Your assignment -
When you retype the listing, keep every word exactly as it appears.
(Supplied data begins)
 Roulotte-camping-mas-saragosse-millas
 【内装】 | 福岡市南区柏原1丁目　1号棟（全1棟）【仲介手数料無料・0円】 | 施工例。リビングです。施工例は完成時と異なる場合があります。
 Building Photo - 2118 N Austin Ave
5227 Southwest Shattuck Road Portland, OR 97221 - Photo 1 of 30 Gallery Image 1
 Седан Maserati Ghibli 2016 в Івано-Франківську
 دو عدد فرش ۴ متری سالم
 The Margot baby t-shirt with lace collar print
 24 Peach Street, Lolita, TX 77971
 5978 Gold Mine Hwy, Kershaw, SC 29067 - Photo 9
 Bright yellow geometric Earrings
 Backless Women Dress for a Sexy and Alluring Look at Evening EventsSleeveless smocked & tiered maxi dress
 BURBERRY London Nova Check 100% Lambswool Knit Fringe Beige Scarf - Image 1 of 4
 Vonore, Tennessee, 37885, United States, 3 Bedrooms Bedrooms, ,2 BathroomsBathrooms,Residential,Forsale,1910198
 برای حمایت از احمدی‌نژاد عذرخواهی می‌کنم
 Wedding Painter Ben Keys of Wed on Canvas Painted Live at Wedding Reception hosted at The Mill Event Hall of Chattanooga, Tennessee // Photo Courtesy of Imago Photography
(Supplied data ends)
Task output -
 Roulotte-camping-mas-saragosse-millas
 【内装】 | 福岡市南区柏原1丁目　1号棟（全1棟）【仲介手数料無料・0円】 | 施工例。リビングです。施工例は完成時と異なる場合があります。
 Building Photo - 2118 N Austin Ave
5227 Southwest Shattuck Road Portland, OR 97221 - Photo 1 of 30 Gallery Image 1
 Седан Maserati Ghibli 2016 в Івано-Франківську
 دو عدد فرش ۴ متری سالم
 The Margot baby t-shirt with lace collar print
 24 Peach Street, Lolita, TX 77971
 5978 Gold Mine Hwy, Kershaw, SC 29067 - Photo 9
 Bright yellow geometric Earrings
 Backless Women Dress for a Sexy and Alluring Look at Evening EventsSleeveless smocked & tiered maxi dress
 BURBERRY London Nova Check 100% Lambswool Knit Fringe Beige Scarf - Image 1 of 4
 Vonore, Tennessee, 37885, United States, 3 Bedrooms Bedrooms, ,2 BathroomsBathrooms,Residential,Forsale,1910198
 برای حمایت از احمدی‌نژاد عذرخواهی می‌کنم
 Wedding Painter Ben Keys of Wed on Canvas Painted Live at Wedding Reception hosted at The Mill Event Hall of Chattanooga, Tennessee // Photo Courtesy of Imago Photography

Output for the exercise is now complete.